Windsor, Ontario, March 20, 2012 — The Honourable Gary Goodyear, Minister of State for Science and Technology, today announced six new projects supported by the Automotive Partnership Canada (APC) initiative at the University of Windsor. The projects advance research and development (R&D) in Canada's automotive industry by supporting new technologies that will provide lighter material alternatives for cars, and significantly enhance battery efficiency for vehicles.
"Because, we are not unique in the problems we face, we can sell our solutions to the world, creating jobs, growth and prosperity here at home," said Minister Goodyear. "Innovation is about taking ideas to market and solving problems. The Automotive Partnership Canada initiative is all that and will lead to greener, better-performing vehicles while creating Canadian jobs and strengthening our economy."

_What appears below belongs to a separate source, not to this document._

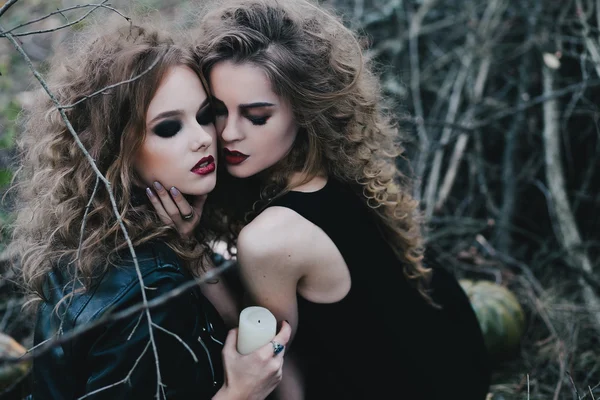 Two vintage witches gathered eve of Halloween — Stock Photo, Image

These university-industry partnerships will receive almost $34 million in total project support. This includes just under $19 million in funding through the Automotive Partnership Canada initiative and nearly $15 million from industry and other partners. These partnerships will be supported by the Natural Sciences and Engineering Research Council of Canada (NSERC), Canada Foundation for Innovation (CFI), and National Research Council Canada (NRC).
The University of Windsor received over $1 million dollars through the Automotive Partnership Canada initiative to develop a faster and less expensive production process for lightweight automotive parts. For this project, the university is partnering with Ford Research and Advanced Engineering, Amino North America Corporation, Novelis Global Technology Centre, ArcelorMittal Dofasco, and Natural Resources Canada's CANMET Materials Technology Laboratory.

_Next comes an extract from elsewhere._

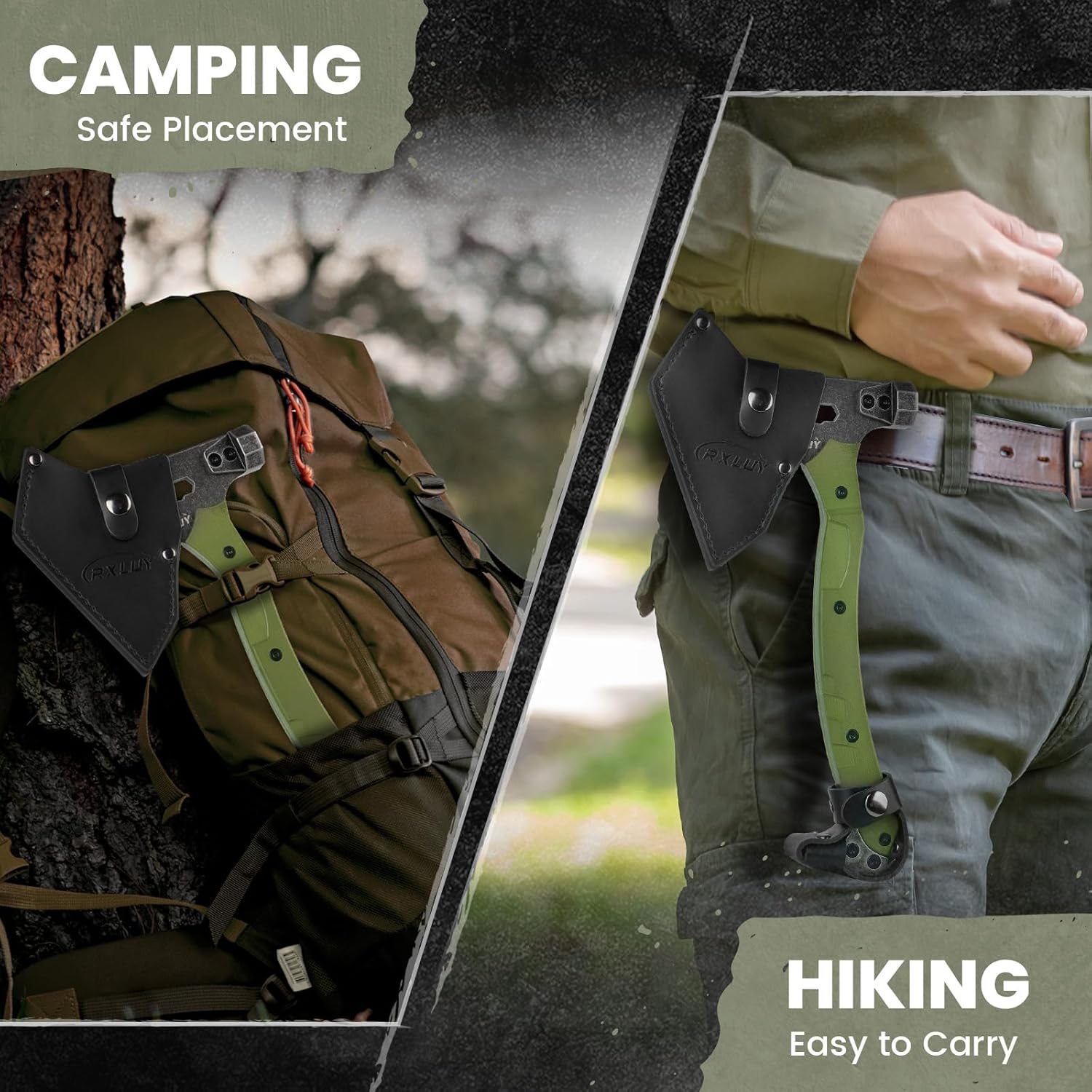 Tactical Axe with G10 Handle Camping Survival Hatchet, Multifunctional Hiking Outdoor Heavy Duty Full Tang Tomahawk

"Canada's scientists and engineers are well positioned to provide the automotive industry with the expertise needed to maintain a strong and sustainable automotive industry," said NSERC President Suzanne Fortier. "These most recently announced projects will contribute to the evolution of new materials and technologies that will benefit both the automotive sector and consumers.

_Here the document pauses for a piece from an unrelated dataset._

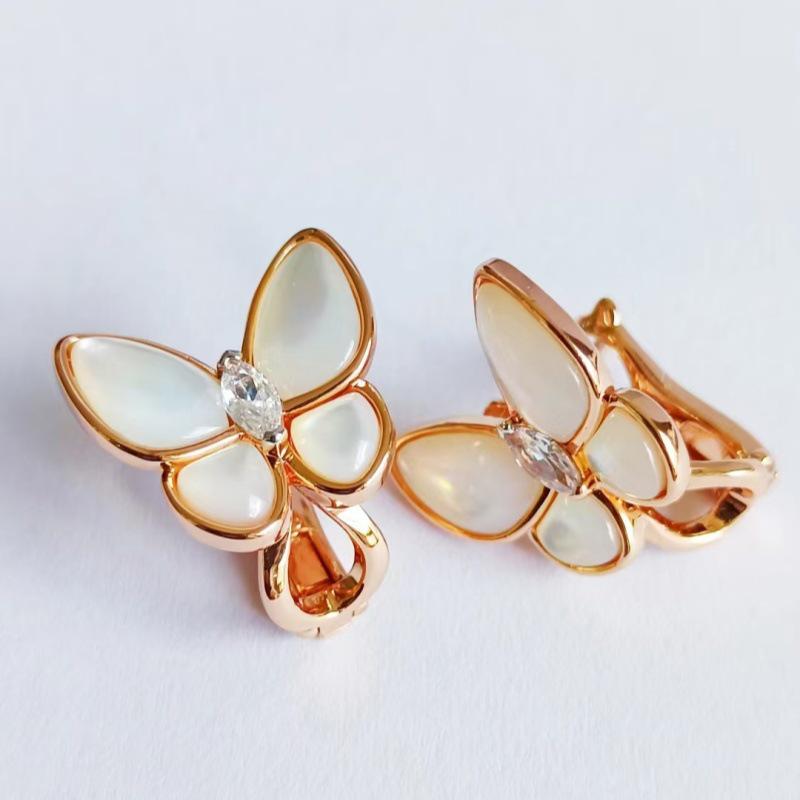 18K Rose Gold Plated Sterling Silver Butterfly & Clover Necklace with White Mother-of-Pearl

"Through our investment in state-of-the-art facilities, we are supporting research-driven economic growth and helping to create jobs in Canadian communities" said Gilles G. Patry, President and CEO of the CFI. "Working with federal partners, the Canada Foundation for Innovation is helping one of Canada's key industries thrive in a global marketplace."
"The National Research Council Canada is committed to working with Canada's auto industry to make it internationally competitive," said John McDougall, President of NRC. "This initiative underlines the NRC's support for developing a sustainable and viable auto sector in Canada."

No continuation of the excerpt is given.